* _COLLECTED DATA_
::::::::::
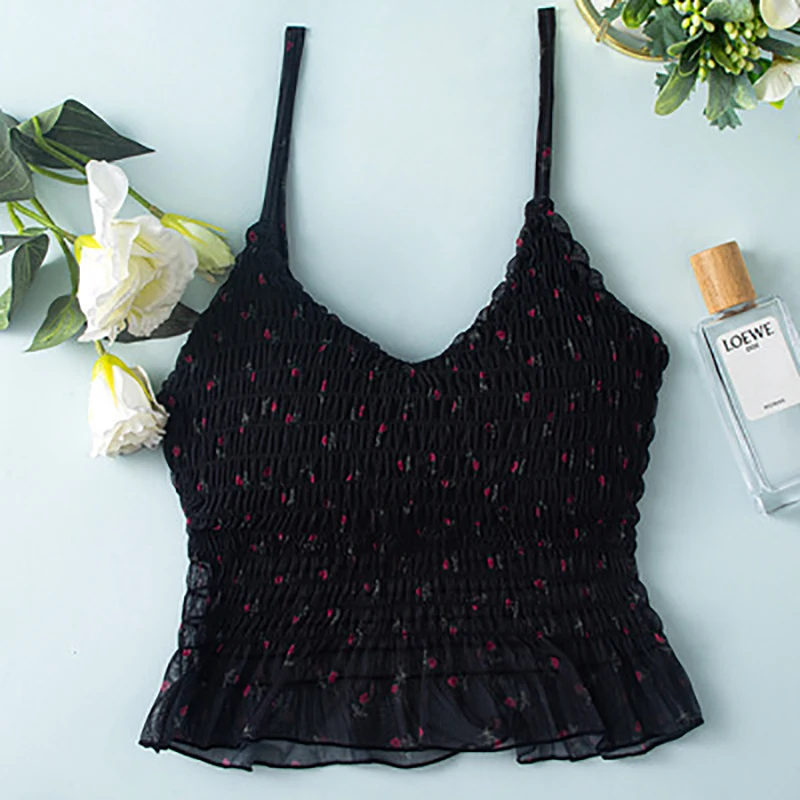 

Sweet Women Crop Top Floral Ruffle Tube Top Thin Slim Lingerie Padded Wirefree Bralettle Adjusted-Straps Bra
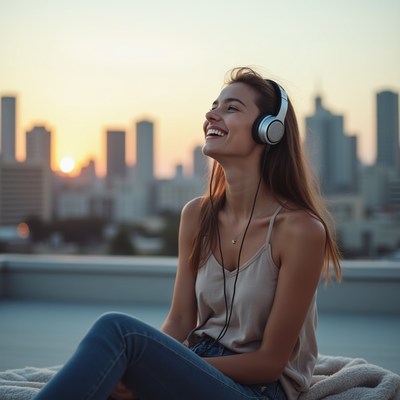 Woman listening to music on rooftop sunset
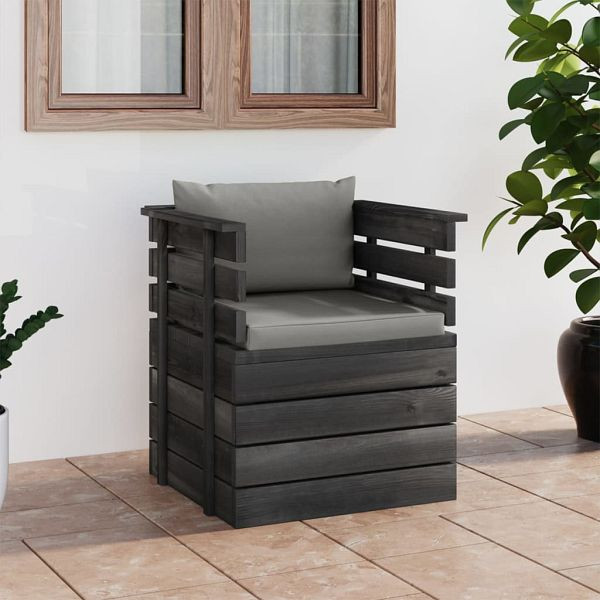 vidaXL Gartensessel mit Kissen Kiefernholz, 3061720, 8720286256442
::::::::::
* _PROBLEM TO WORK ON_
All of the material should be written out again exactly, apart from the pictures.

* _REPLY_
Sweet Women Crop Top Floral Ruffle Tube Top Thin Slim Lingerie Padded Wirefree Bralettle Adjusted-Straps Bra
 Woman listening to music on rooftop sunset
 vidaXL Gartensessel mit Kissen Kiefernholz, 3061720, 8720286256442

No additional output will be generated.